Task description:
Every line from the one holding "Lexus RX — Фото автомобиля 3" through the one holding "800-810 Rue Ontario" in the data below must be returned exactly, both ends included, with pictures left out and nothing else added.

Task material:
* * * * * * * * *

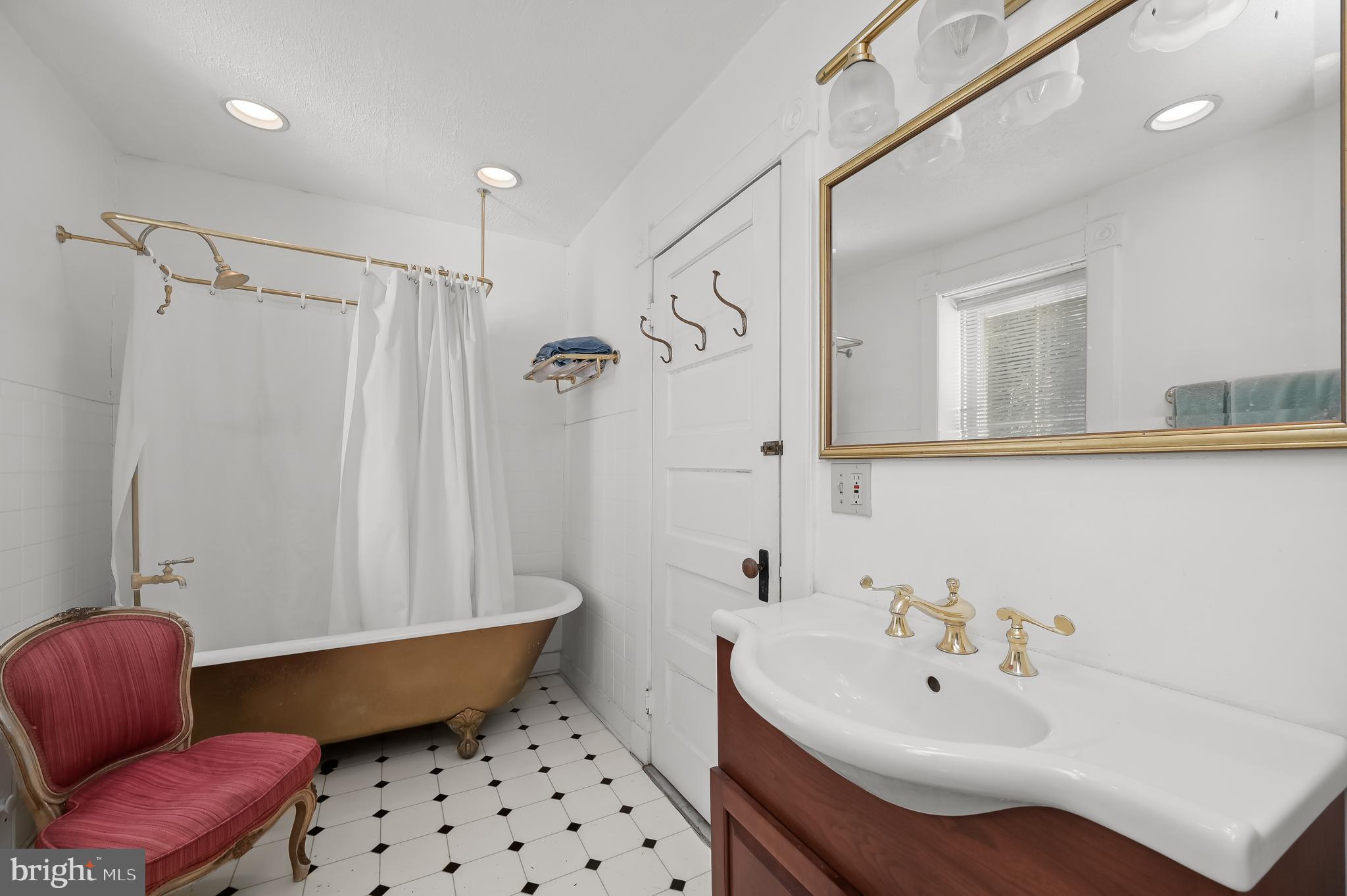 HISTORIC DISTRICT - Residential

* * * * * * * * *

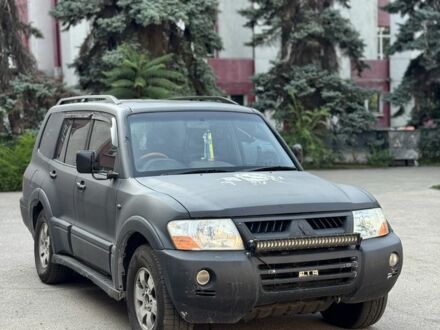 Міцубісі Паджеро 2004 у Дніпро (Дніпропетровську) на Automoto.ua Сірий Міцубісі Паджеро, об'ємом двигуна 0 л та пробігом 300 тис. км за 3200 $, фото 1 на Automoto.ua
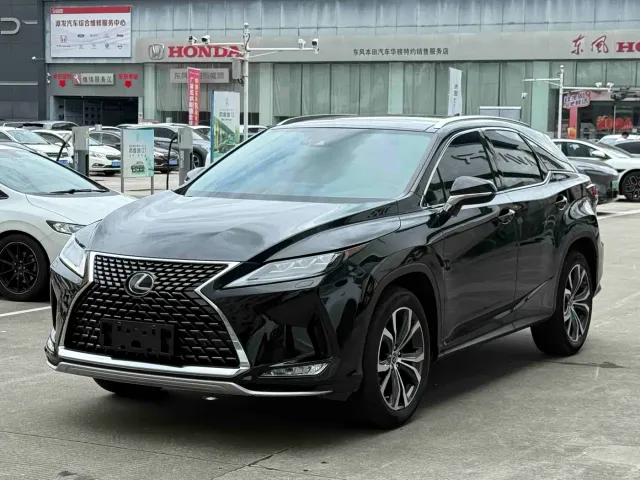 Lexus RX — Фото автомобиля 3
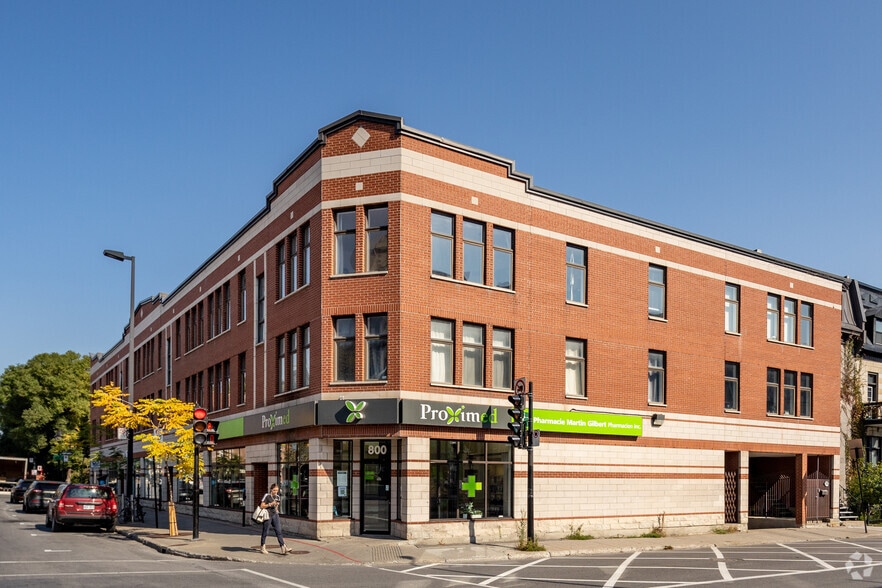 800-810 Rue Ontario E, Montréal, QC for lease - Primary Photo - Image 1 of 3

* * * * * * * * *

Result:
 Lexus RX — Фото автомобиля 3
 800-810 Rue Ontario E, Montréal, QC for lease - Primary Photo - Image 1 of 3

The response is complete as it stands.